We’ve had a rough ride during the past week.
On Monday our stock market fell 500 points. Later that day, Republican Vice-Presidential candidate Sarah Palin checked under her bed to make sure she had plenty of dry goods stockpiled, in case the Rapture starts early and Republicans head en masse for the haven of Alaska. She also gave the National Guard orders to turn back Democrats and other heathens at the state line.
Republican Presidential Candidate John McCain struck a stately pose and pointed out that the “Fundamentals of our economy are strong.”
On Tuesday President Bush appeared in the Rose Garden to reassure us there was no reason to panic. He stared into the teleprompter, apparently noticed someone wearing an Obama button (insert your own plausible explanation here if you don’t like mine), got miffed and stalked back into the White House without delivering his soothing recommendation to gas up and go shopping at WalMart.
Later that day Republican Presidential Candidate John McCain struck another stately pose and said, with the stern voice of conviction, that he opposed any bailout of insurance giant AIG.
On Wednesday Republican Presidential candidate John McCain reversed his career-long position in favor of Deregulation, explaining we need more regulation to stop Obama from ruining the economy. Then he said that if he were President he would fire Colonel Sanders, the CEO of Kentucky Fried Chicken. Hmmm... does the Deregulation McCain previously supported permit dead mascots to hold CEO positions?
Later that day McCain struck another stately pose (he has three, unless he is campaigning with Palin, in which case he has none) and said, with the stern voice of conviction, that he supported the newly announced bailout of insurance giant AIG.
On Thursday my cable and Internet crashed. Mustering every ounce of intellectual strength to stave off a paranoid fear that Patriot Act goons were trying to silence the righteous howl of my blog, I popped open a bottle of Pouilly-Fuisse and downed it with a box of Christmas truffles I found in the back of my freezer, figuring it was as good a time as any to write a poem about elitism, or at least to get drunk. “McCain has nine houses, not seven,” I wrote. “Obama lived on food stamps and organized the poor in heaven,” I continued. Realizing I was a better drunk than a poet, I passed out.

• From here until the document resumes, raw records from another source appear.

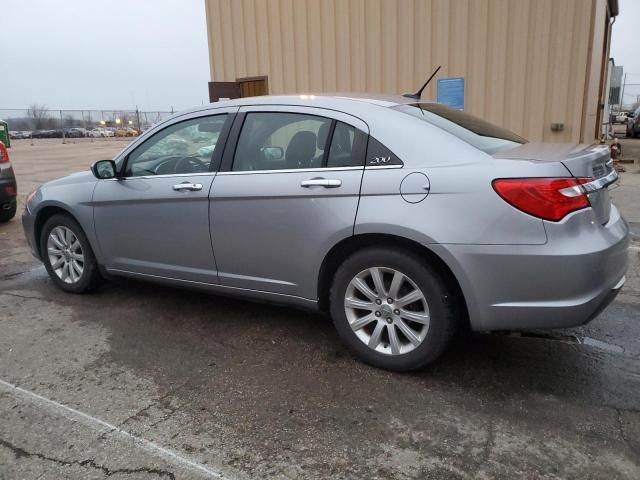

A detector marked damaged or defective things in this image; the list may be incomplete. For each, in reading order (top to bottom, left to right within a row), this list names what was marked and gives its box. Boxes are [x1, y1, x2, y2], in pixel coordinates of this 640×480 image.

cracked pavement [0, 138, 636, 476]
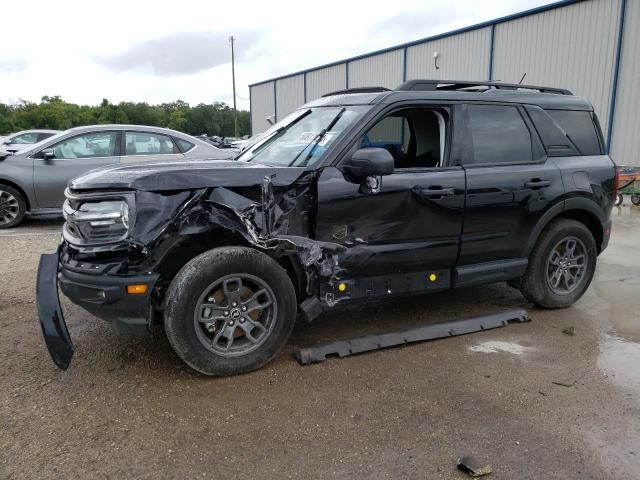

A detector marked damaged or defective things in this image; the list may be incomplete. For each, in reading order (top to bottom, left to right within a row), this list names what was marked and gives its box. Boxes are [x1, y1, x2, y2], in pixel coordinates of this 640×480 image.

crumpled hood [69, 160, 308, 192]
damaged black suv [37, 81, 616, 376]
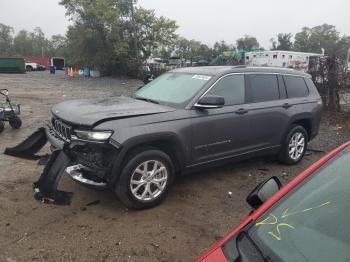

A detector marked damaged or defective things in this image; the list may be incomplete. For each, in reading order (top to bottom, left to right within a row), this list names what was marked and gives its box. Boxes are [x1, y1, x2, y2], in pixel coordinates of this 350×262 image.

crumpled hood [51, 96, 175, 127]
damaged front end [4, 117, 118, 206]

On Friday morning I awoke to find that my cable was back up, that President Bush has proposed we bail out the stock market with taxpayer funds we don’t have and aren’t likely to pull out of our asses any time soon, and that the stock market was soaring in joyous appreciation. Brokers scampered like geckos up their skyscraper walls to windows they had jumped from earlier in the week, chanting, “Greed is Good.” Well, what would YOU do if your neighbors took up a collection and paid off your credit card debt, your mortgage and your car loans, then dropped that pesky lawsuit against you for stealing Social Security checks from their mailboxes?
Now it’s Monday again.
The dust is settling from last week’s stock market crash (Adjustment, my portfolio!) and the bailout, in the morning sunlight, doesn’t look nearly as good as when we dragged it home from the bar over the weekend. It looks tired and old, like something we’ve seen before… remember the Patriot Act? This, too, was hastily crafted to meet an emergency, and Congress was so pressured to pass it that many didn’t read its provisions.

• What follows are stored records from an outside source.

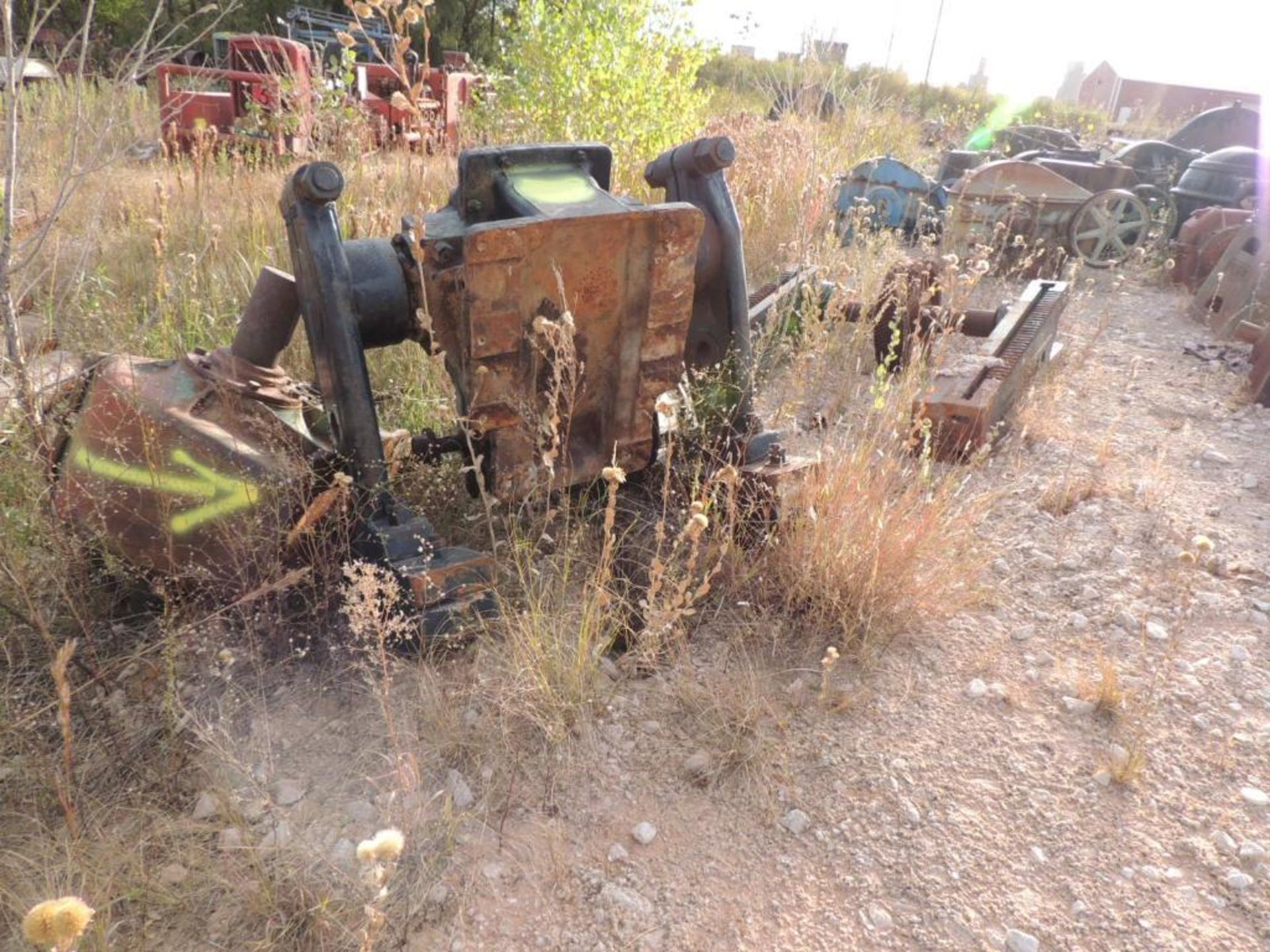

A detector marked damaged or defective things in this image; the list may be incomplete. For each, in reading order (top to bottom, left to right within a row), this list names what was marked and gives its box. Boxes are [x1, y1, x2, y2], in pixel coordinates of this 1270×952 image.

rusted machinery [947, 158, 1154, 266]
rusted machinery [44, 138, 810, 635]
rusted machinery [910, 278, 1069, 460]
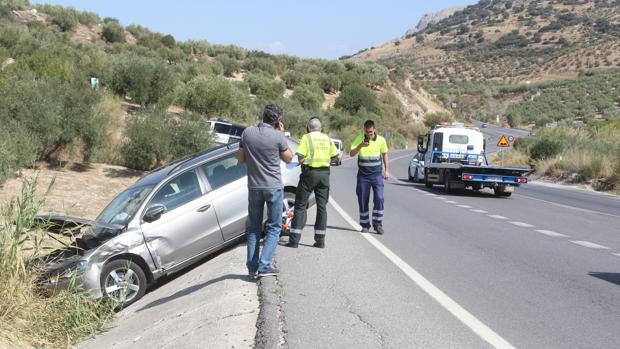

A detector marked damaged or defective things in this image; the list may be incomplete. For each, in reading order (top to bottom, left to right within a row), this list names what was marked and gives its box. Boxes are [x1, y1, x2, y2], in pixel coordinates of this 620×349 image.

damaged silver car [39, 140, 310, 306]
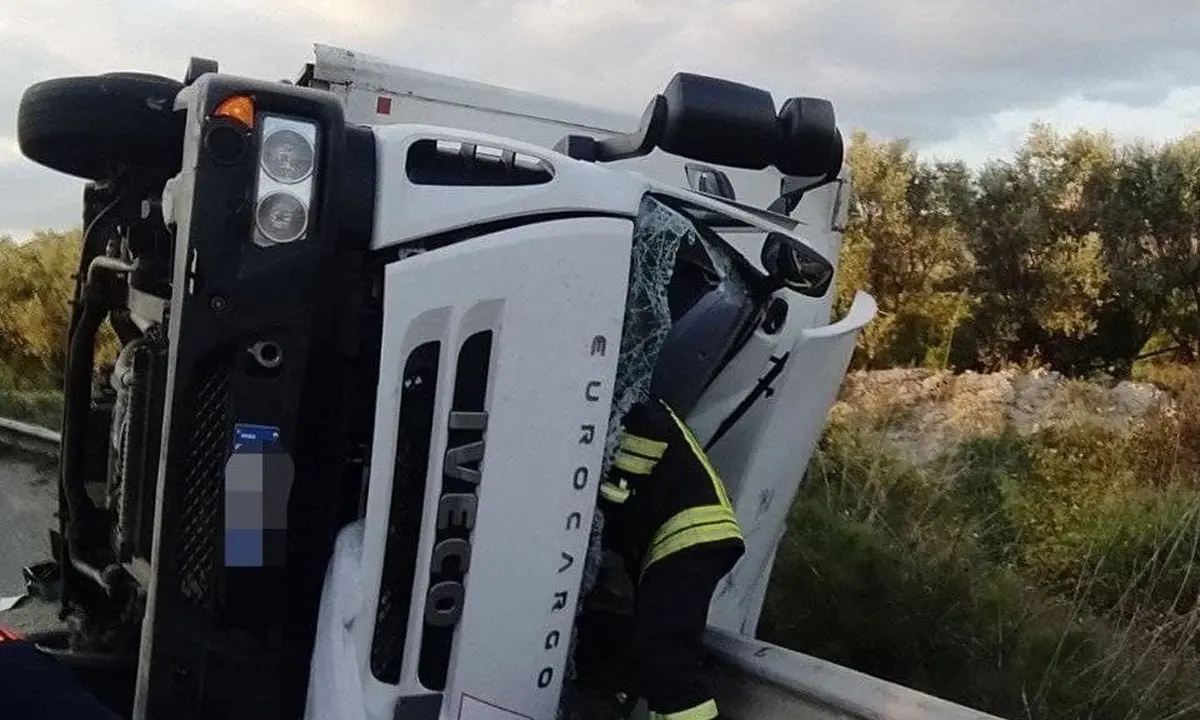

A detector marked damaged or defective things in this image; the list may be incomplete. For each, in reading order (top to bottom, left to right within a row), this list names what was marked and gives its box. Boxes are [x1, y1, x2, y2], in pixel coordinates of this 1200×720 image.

overturned white truck [14, 45, 880, 720]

Now Bush is pressuring Congress to “act urgently” again, and greenlight a bailout that is sloppier than an unwanted sexual advance from Bill O’Reilly: It would give the Bush administration the authority to spend $700 BILLION on the bailout, plus economic intervention powers so sweeping that they have no precedent in U.S. history. The Treasury would be empowered to act unilaterally. No court or administrative body could review its decisions, and once the “emergency legislation” is approved, Bush could raise the $700 Billion by methods not subject to Congress’ traditional power of the purse.
Somewhere in the plan, there probably is also a no-bid contract waiting to be assigned to Haliburton.
So, what strategic watering hole should we head for now?
Should we say, “No!” to the bailout, creating another battlefront in our contentious Presidential race?
Should we make room in the Presidential debate for those who believe the financial crisis was staged, much as they think 9-11 was staged, to distract us from the real issues of the economy, the war and the economy?
Should we fake a heart attack for Joe Biden so he can gracefully resign his candidacy, clearing a path for Hillary to arrive in shining armor on a white steed and save us? (Anyone who can guess the number of friends who have suggested exactly that will win my Bear-Stearns stock.)
Induce a collective medical coma that will last until the morning of November 5, leaving strict instructions to revive us only for President Obama’s acceptance speech? Failing that, should we donate our bodies to medical research in another country, since science will no longer be funded in a McCain/Palin America?
No. Those are loser moves.
Instead, we should stop pretending this isn’t a fight to the death for the freedoms we cherish, because that’s exactly what it is, and devote our time to phone banking, registering new voters, volunteering to drive shut-ins to the polls, and generally behaving like winners.
Innkeeper! Fresh horses for my Dems!